» **What you need to do**
Omit the pictures, then reproduce exactly the line bearing "e 2 vagasLavabo" and every line after it up to and including the last line of the entries below.

» **Image-text web data**

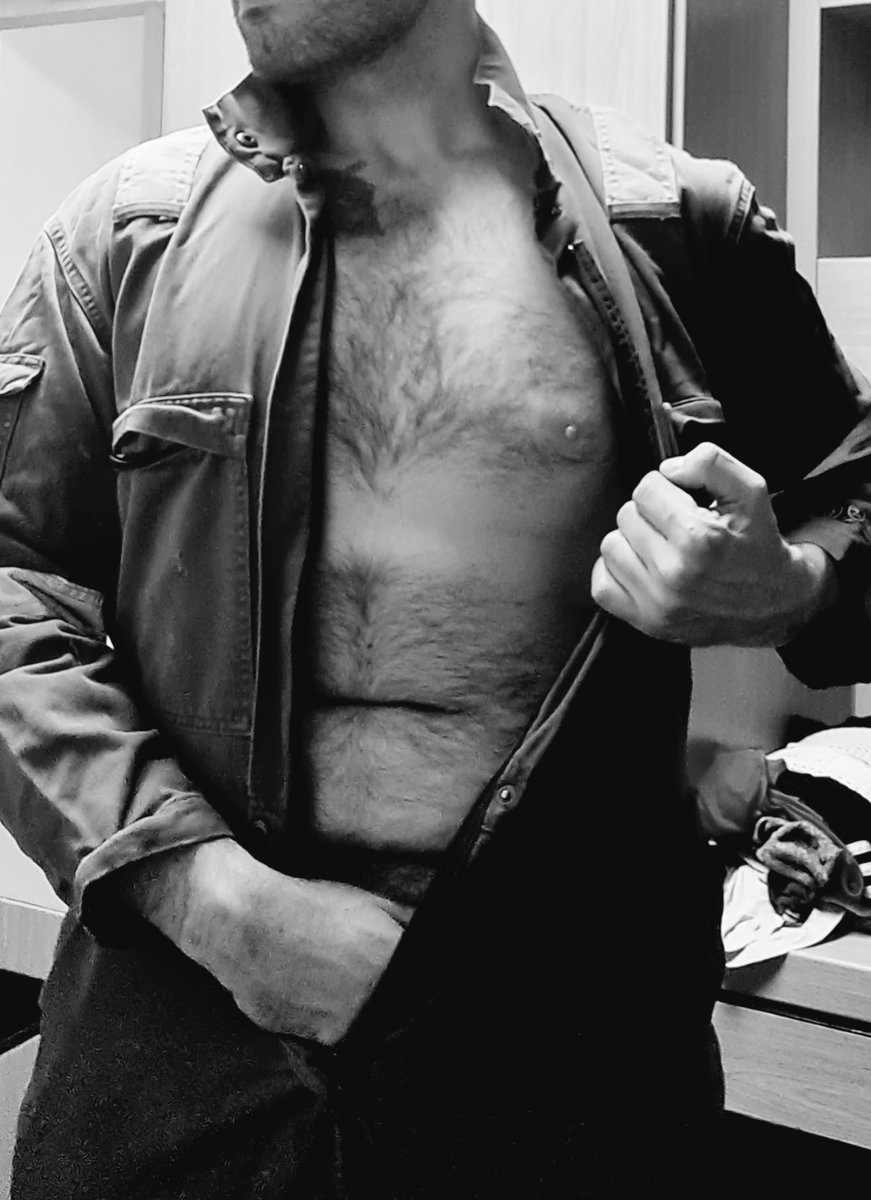 CaveMan09463356's tweet photo. I get home from work What you gonna do? #caveman #highlander #dadbod https://t.co/RR60kjVKPn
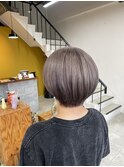 ショートボブ×シルバーベージュ
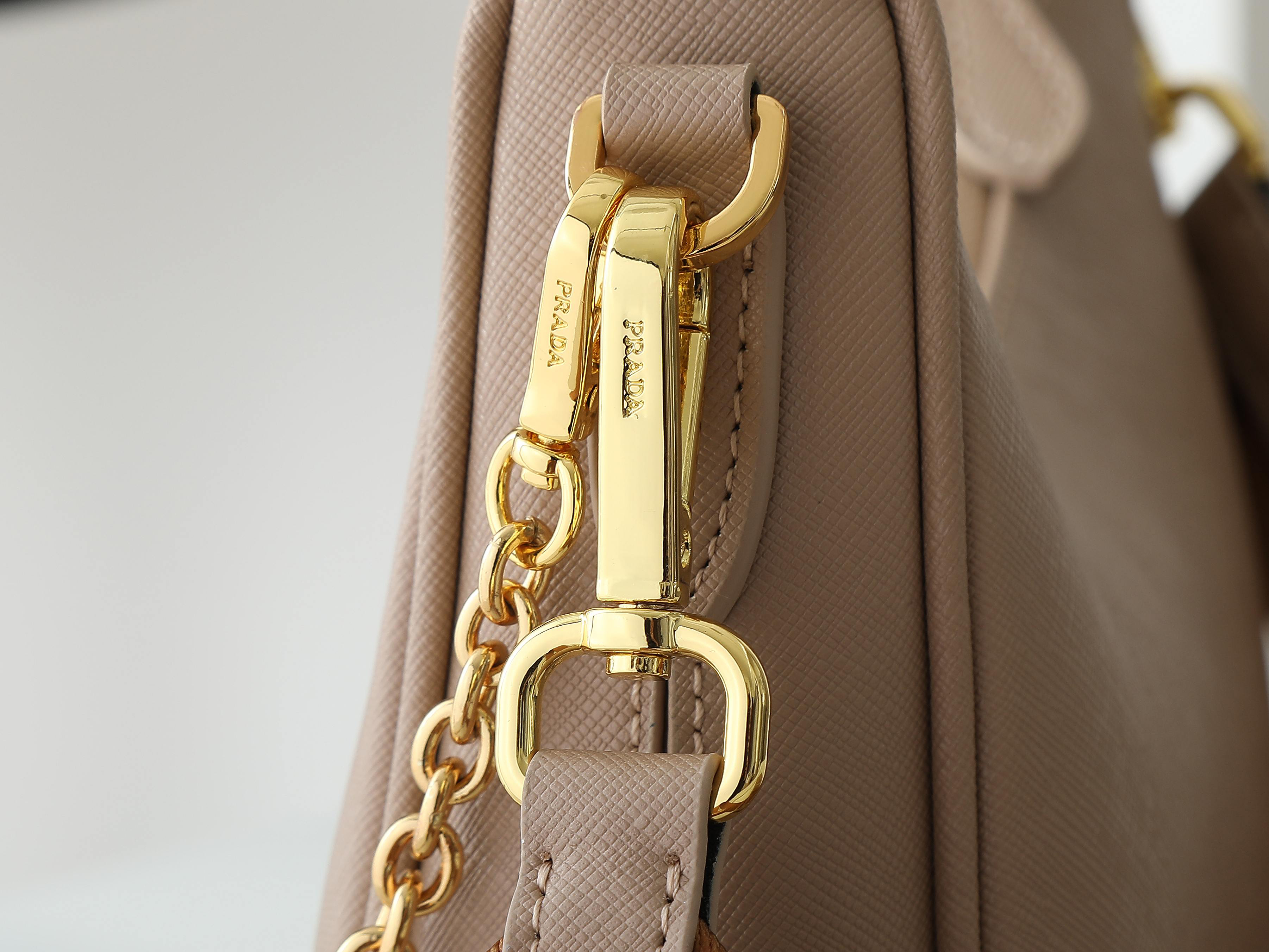 Prada bag-110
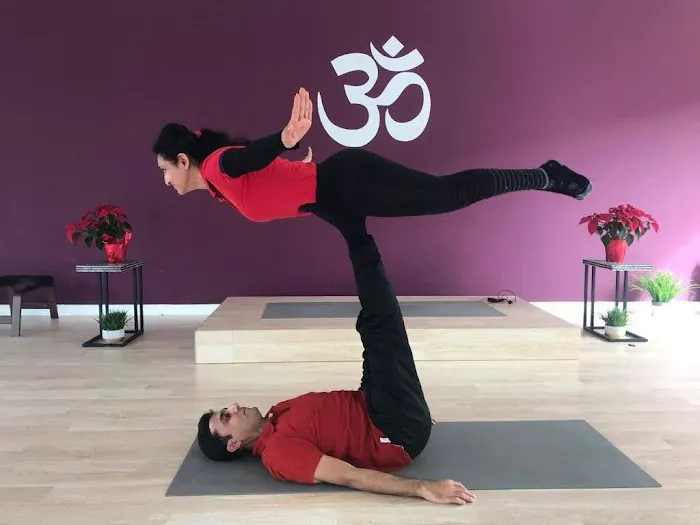 happiness yoga Picture 4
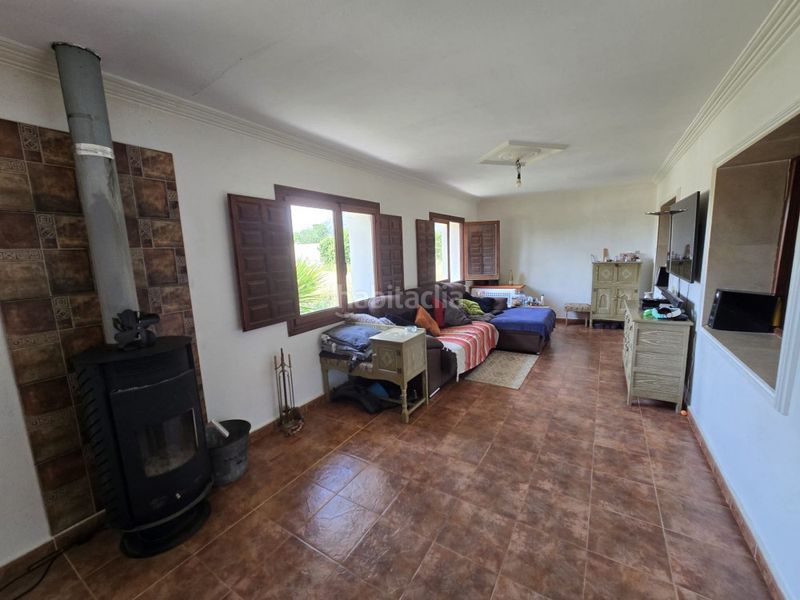 Foto b2821825-558c-4fc0-8fe9-1a95450fc0e0. Casa villa in en Sax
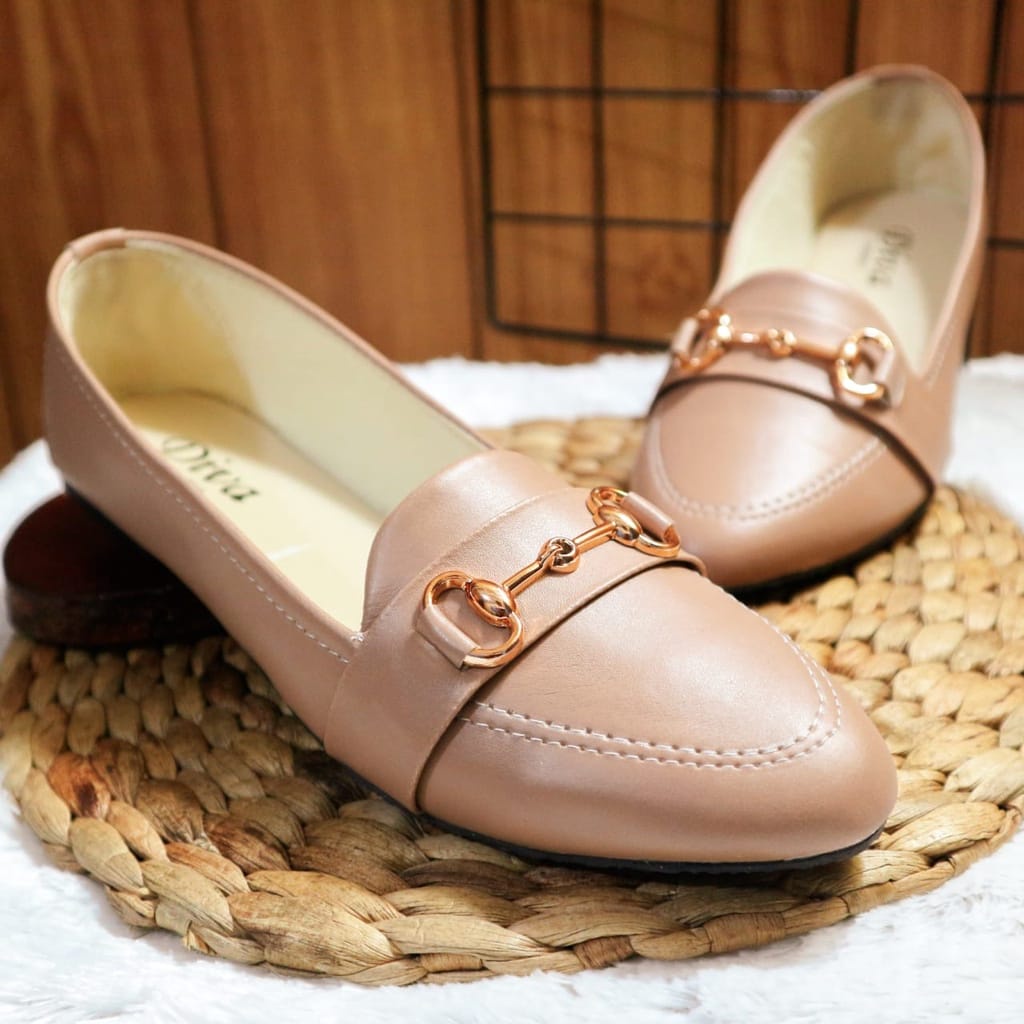 Flatshoes Wanita Clary JW02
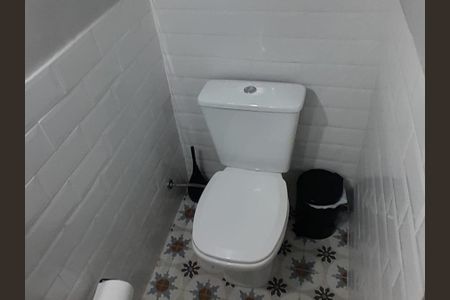 Casa de condomínio à venda com 148m², 3 quartos e 2 vagas Casa de condomínio à venda com 148m², 3 quartos e 2 vagasLavabo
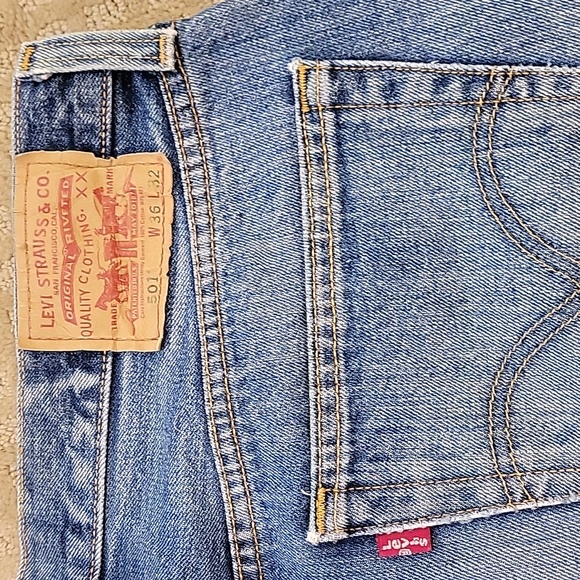 Men's Levi's 501, W36 L32 - Picture 3 of 4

» **Result**
 Casa de condomínio à venda com 148m², 3 quartos e 2 vagas Casa de condomínio à venda com 148m², 3 quartos e 2 vagasLavabo
 Men's Levi's 501, W36 L32 - Picture 3 of 4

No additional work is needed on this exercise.